A Novel Hybrid Method for Indirect Measurement Dynamometer Card Using Measured Motor Power in Sucker Rod Pumping System
Jiye Zuo, Wu Yong, Zhenyu Wang, Shimin Dong
Abstract
The dynamometer card (DC) is crucial for the remote monitoring of the sucker rod pumping system (SRPS). However, the DC sensors have poor real-time performance and high maintenance costs leading to difficulties in obtaining datasets of the downhole working states from different oil wells. Moreover, the motor power curve is easy to obtain in real-time and can reflect the changes in pumping unit load. Thus, this paper proposed a novel hybrid model for indirect measurement DC based on measured motor power. Firstly, based on the mechanical model analysis of SRPS, the dataset is constructed by transforming the motor power and geometric parameters of the SRPS into the polished rod torque, the first-derivative of polished rod torque, the second-derivative polished rod torque, and the torque factor. These four parameters are merged as the inputs of the data-driven model.
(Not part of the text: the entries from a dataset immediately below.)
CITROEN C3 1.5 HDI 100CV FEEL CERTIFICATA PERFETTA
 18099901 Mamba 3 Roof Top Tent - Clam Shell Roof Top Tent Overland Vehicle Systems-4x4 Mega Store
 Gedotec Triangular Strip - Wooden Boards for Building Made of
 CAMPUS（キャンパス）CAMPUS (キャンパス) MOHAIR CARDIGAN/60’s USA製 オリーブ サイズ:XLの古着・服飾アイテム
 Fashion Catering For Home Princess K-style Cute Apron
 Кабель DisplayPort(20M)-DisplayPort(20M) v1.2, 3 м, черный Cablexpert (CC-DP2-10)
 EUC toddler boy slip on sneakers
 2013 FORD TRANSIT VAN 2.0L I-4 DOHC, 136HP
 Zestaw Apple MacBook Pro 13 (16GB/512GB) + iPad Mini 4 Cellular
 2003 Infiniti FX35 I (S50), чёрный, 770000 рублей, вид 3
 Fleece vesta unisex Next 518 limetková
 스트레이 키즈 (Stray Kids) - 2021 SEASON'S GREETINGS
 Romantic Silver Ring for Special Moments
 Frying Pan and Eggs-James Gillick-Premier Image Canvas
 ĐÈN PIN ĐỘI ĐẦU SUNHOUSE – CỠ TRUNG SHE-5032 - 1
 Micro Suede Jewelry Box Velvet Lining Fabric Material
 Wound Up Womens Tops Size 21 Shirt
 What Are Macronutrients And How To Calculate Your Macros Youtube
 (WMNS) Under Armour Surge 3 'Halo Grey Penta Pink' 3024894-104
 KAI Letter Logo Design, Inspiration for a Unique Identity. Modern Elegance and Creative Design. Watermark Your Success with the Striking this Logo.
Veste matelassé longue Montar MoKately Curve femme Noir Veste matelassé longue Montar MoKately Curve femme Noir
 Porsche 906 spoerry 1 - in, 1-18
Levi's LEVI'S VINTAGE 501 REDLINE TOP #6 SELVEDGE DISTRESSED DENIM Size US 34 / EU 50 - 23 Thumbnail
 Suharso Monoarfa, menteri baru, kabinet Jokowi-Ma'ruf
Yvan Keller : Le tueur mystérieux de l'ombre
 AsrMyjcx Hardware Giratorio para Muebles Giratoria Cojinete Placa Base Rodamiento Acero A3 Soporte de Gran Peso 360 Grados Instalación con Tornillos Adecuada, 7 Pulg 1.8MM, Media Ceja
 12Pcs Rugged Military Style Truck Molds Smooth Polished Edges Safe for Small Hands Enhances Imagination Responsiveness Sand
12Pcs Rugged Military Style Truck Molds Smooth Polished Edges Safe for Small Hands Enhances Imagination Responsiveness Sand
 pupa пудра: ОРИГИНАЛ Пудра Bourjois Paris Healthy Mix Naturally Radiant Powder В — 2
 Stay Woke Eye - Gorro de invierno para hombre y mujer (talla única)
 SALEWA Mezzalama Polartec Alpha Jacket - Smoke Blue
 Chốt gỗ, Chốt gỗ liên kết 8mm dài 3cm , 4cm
Subsequently, a data-driven model implements the particle swarm (PSO) algorithm to optimize the weights and thresholds of the Back Propagation (BP) neural network model, which was trained to predict DCs of three common working states. Finally, the proposed method is verified experimentally through the measured DC and motor power data. Both experimental and prediction results demonstrate the effectiveness of the proposed method for generating DC. The mean DC area relative error of the hybrid method proposed in this paper is 2.52%.